### WHAT TO DO:
Reproduce every record below exactly, with the pictures left out.

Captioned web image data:
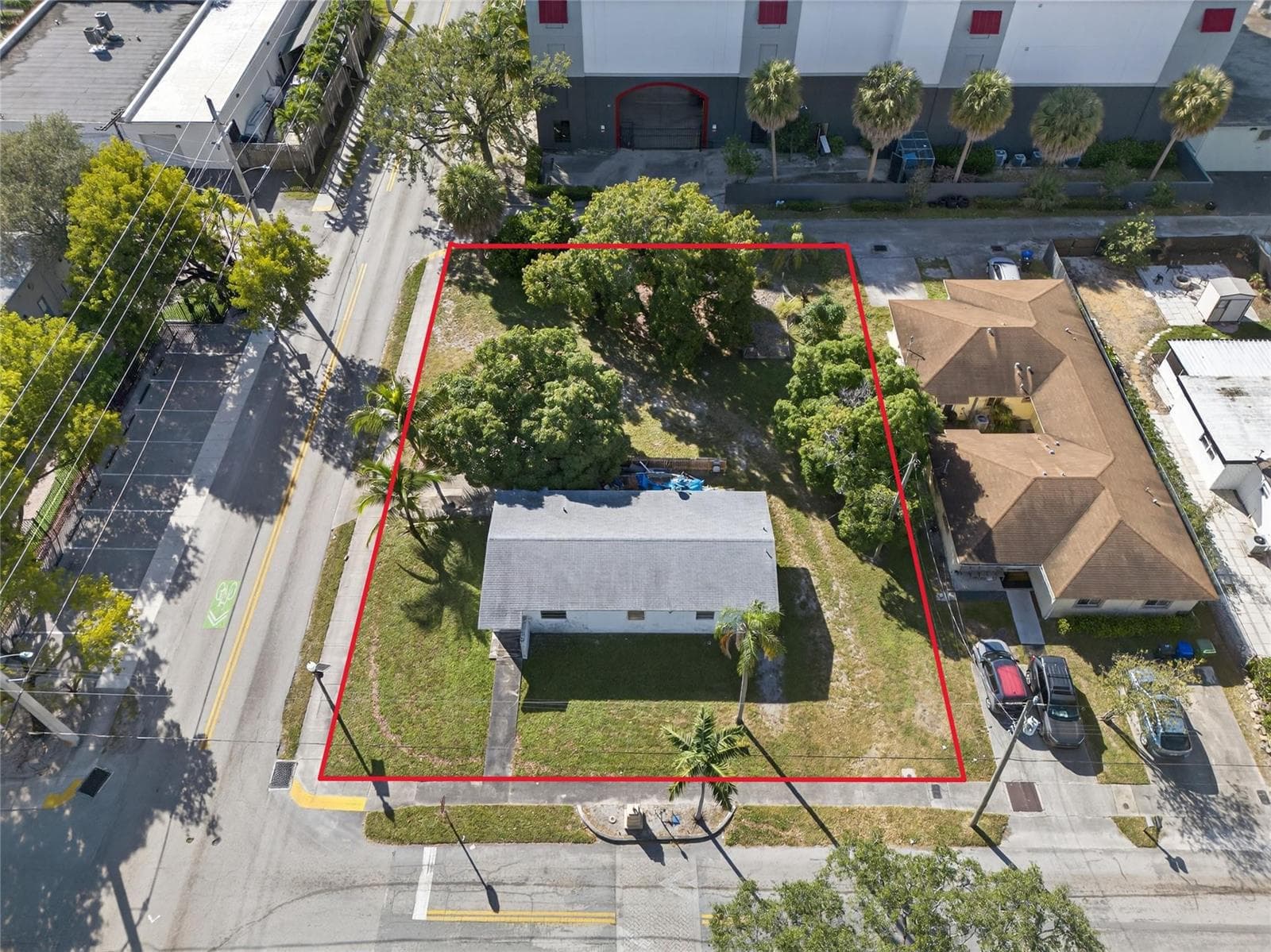 900 NW 2nd Street, Fort Lauderdale, FL 33311 — zdjęcie 4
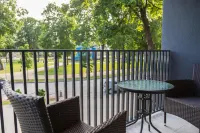 Apartment Hotel Laisve - 4-Star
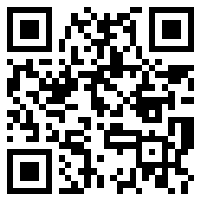 QR Code for dash:Xj6pAtvi4EgmgEB5pVBgvGbrX1iBcSy8o8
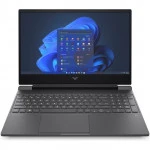 Ноутбук HP Victus 15-FB0028nr 677H9UA (15.6 ", FHD 1920x1080 (16:9), AMD, Ryzen 7, 16 Гб, SSD, 512 ГБ, nVidia GeForce RTX 3050 Ti)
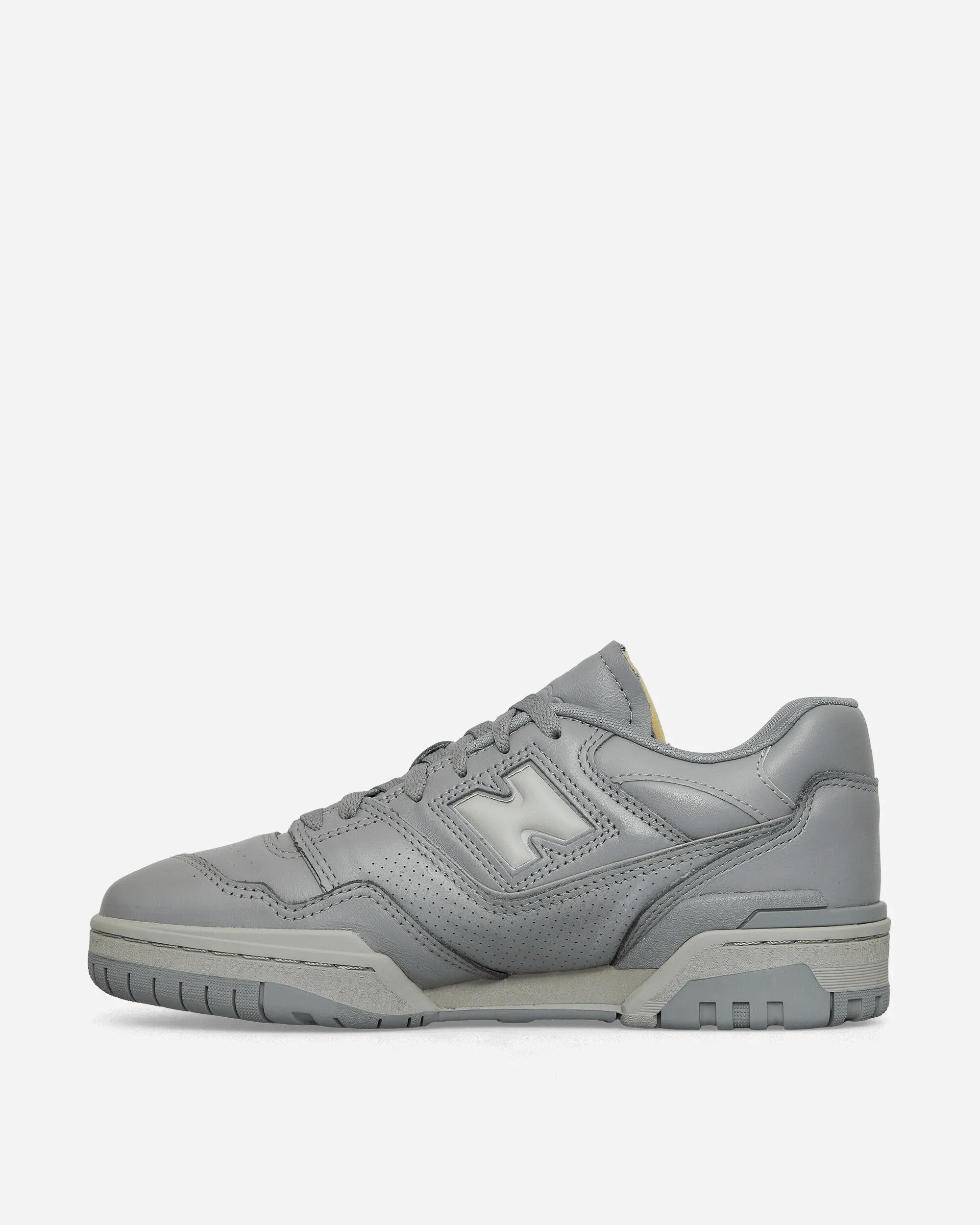 waterproof 550 Sneakers Slate Grey  / Concrete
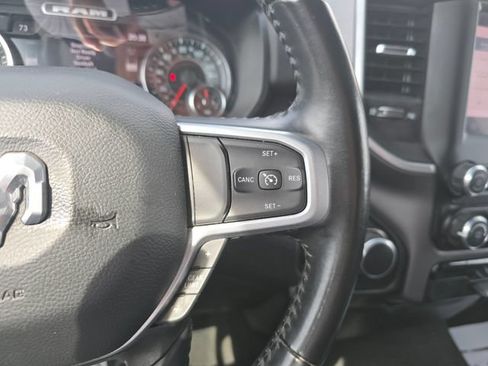 Used 2022 RAM 1500 Big Horn AWD/4WD image 19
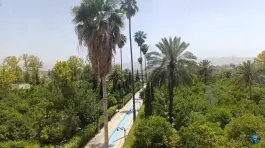 عکس موزه رادیو شیراز، سعدیه جنوبی، شیراز 6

### RESULT OF THIS EXERCISE:
 900 NW 2nd Street, Fort Lauderdale, FL 33311 — zdjęcie 4
 Apartment Hotel Laisve - 4-Star
 QR Code for dash:Xj6pAtvi4EgmgEB5pVBgvGbrX1iBcSy8o8
 Ноутбук HP Victus 15-FB0028nr 677H9UA (15.6 ", FHD 1920x1080 (16:9), AMD, Ryzen 7, 16 Гб, SSD, 512 ГБ, nVidia GeForce RTX 3050 Ti)
 waterproof 550 Sneakers Slate Grey  / Concrete
 Used 2022 RAM 1500 Big Horn AWD/4WD image 19
 عکس موزه رادیو شیراز، سعدیه جنوبی، شیراز 6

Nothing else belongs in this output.